Avevo esattamente vent’anni, da poco compiuti. Era la prima volta che entravo in uno stadio, e mi trovavo nel prato di San Siro con gli spalti che mi sovrastavano come una cattedrale laica che si ergeva fino al cielo, e andava popolandosi a poco a poco di gente come me, di tutte le età. Era il mio primo grande concerto, il primo grande evento. Era la mia prima volta nel mondo. Era la prima volta che vedevo Bruce Springesteen.
Era un giorno di fine giugno, di quelli in cui il caldo impazza e non lascia tregua, non dà scampo, toglie il fiato. Sugli spalti e nel prato fremeva l’attesa di un evento che era più di un concerto: era il ritorno del Boss. Come un avvento, un’epifania, una resurrezione insieme. L’afa rallentava quasi i movimenti eccitati di tutti noi, imprigionati in quel catino, ammassati gli uni fianco agli altri, cercando pertugi per avvicinarci un passo in più -anche solo un passo- al palco che sembrava quasi un altare sul quale riponevamo le nostre speranze, le nostre aspettative, le nostre aspirazioni. Noi, noi tutti, discepoli fedeli sacrificati all’attesa.
Quando finalmente sale sul palo, con la sua chitarra, nell’entusiasmo generale si alza la preghiera che fa tremare lo stadio e i brividi in tutto il corpo si mescolano a una precarietà di equilibrio: Bruce Bruce Bruce. Bruce Bruce Bruce rieccheggia nella cattedrale. Senza dire niente inizia con The Promised Land. È una terra promessa San Siro, per lui e per noi. E’ una terra promessa a cui siamo giunti in pellegrinaggio dopo tanti anni di attesa.
Faceva caldo quel giorno, talmente tanto caldo che è arrivato il temporale. Un temporale mandato da un Dio inclemente che non può accettare esista un essere vivente di tale potenza, carisma, passione. Un temporale che spaventa, violento e improvviso, da non permettere nemmeno di rendersi conto che sta diluviando, che non permette di trovare riparo.
E lui, il Boss, che esce dal palco protetto, sotto la pioggia, fa due accordi di Waitin’ on a sunny day, guarda in cielo e con la mano fa il gesto: avanti, vieni, scatena la tempesta, fai scendere un nuovo diluvio. Noi siamo qui, continueremo a suonare e a cantare. Let it rain Let it rain Let it rain ripete la canzone. La intoniamo tutti a squarciagola mentre il Boss sotto la pioggia con un cappello bianco da cowboy scivola sul palco. Dio è stato sconfitto, umiliato, zittito da decine di migliaia di persone guidate da un profeta moderno.

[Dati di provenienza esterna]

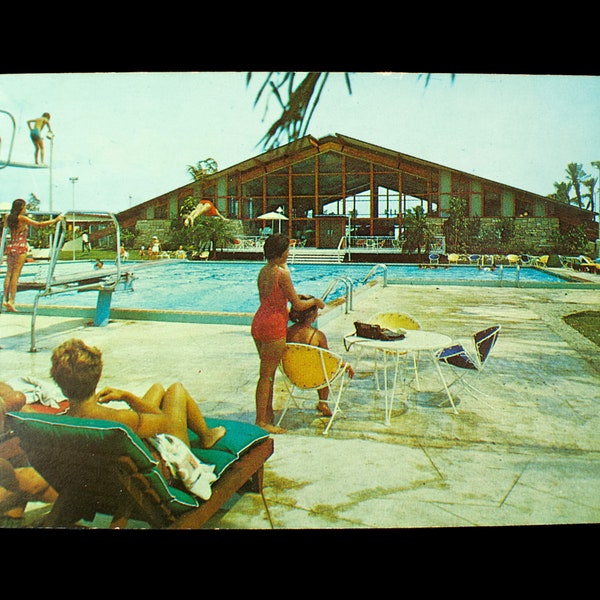 Cape Coral Yacht and Racquet Club Vintage Florida Postcard Unused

Avreste dovuto esserci, avreste dovuto vedere gli occhi delle persone intorno a me, nel prato e sugli spalti. Quegli occhi non sono i nostri, quegli occhi li vedi solo a un concerto di Bruce Springsteen. Non abbiamo quegli occhi mentre lo aspettiamo speranzosi ed eccitati, o mentre usciamo distrutti e felici. Quegli occhi non li abbiamo i giorni prima o quelli dopo. Quegli occhi sono solo lì, durante un suo concerto. Sono occhi che hanno tanti colori e una sola luce, velata di lacrime e speranza, di gioia e rabbia, di volontà e disillusione.

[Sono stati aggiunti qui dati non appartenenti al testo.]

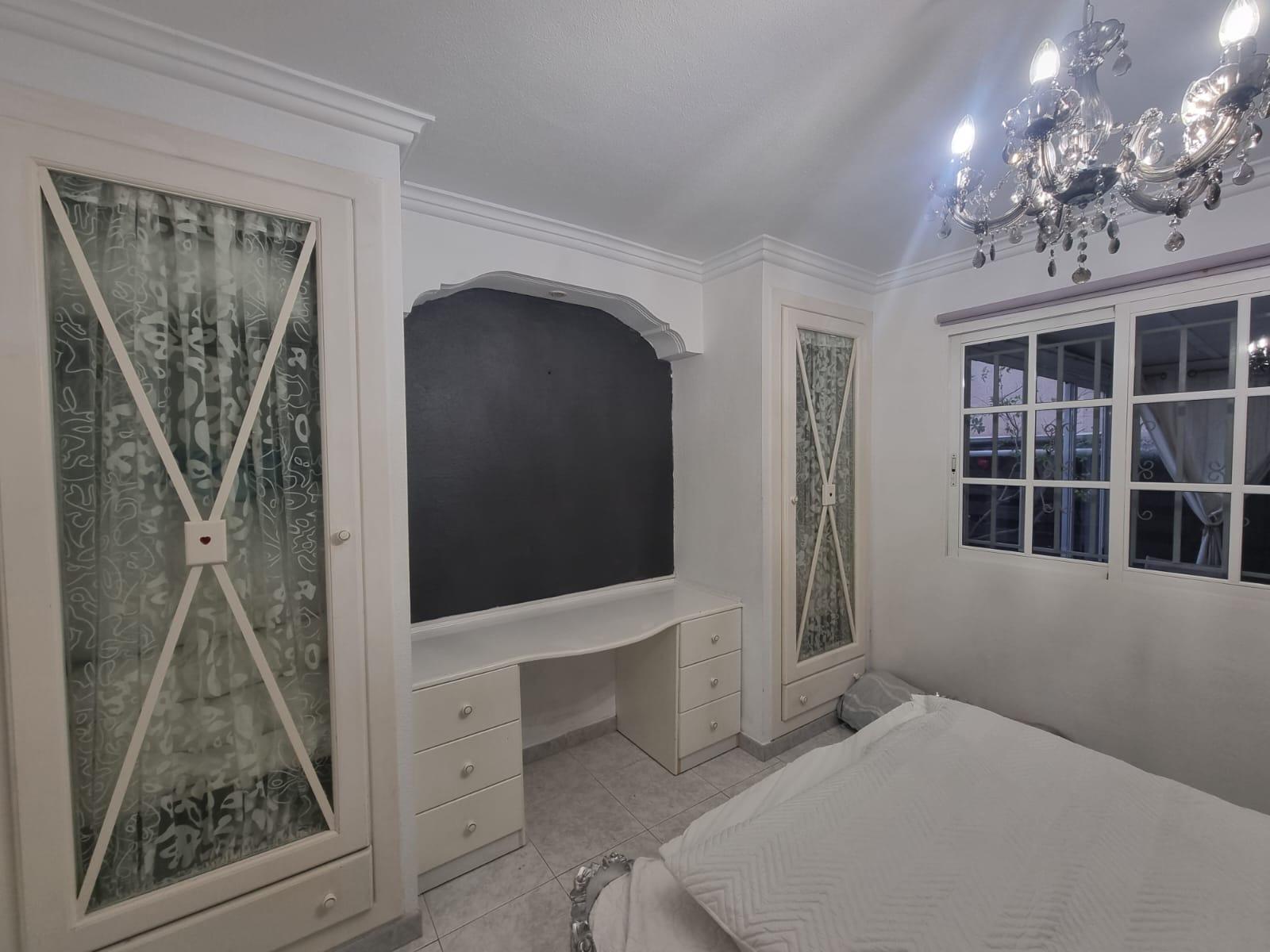 Bedroom in apartment for sale in Torrevieja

Avevo 20 anni e avevo paura, mi sentivo piccolo nella mia prima volta nel mondo, senza sapere chi e cosa sarei stato. Ma ero lì, in quella cattedrale, c’era lui a battezzarmi con una chitarra, il sudore e la pioggia. In quel momento sono diventato grande. Ed ogni concerto di Bruce Springsteen è una messa catartica di sfogo, di rabbia, di motivazione, di speranza, di rivendicazione. Io avevo 20 anni e tutte le mie speranze e promesse in quella terra di speranze e promesse erano già forse infettate, macchiate, infrante. Ma a San Siro, con Bruce Springsteen come un profeta e la E-Street Band come un coro etico di una tragedia greca a suonare, senti che tutto quello che hai perso è perduto, che tutta la tua rabbia ha una possibilità di redenzione, che c’è ancora una speranza, anche se infetta, macchiata, infranta.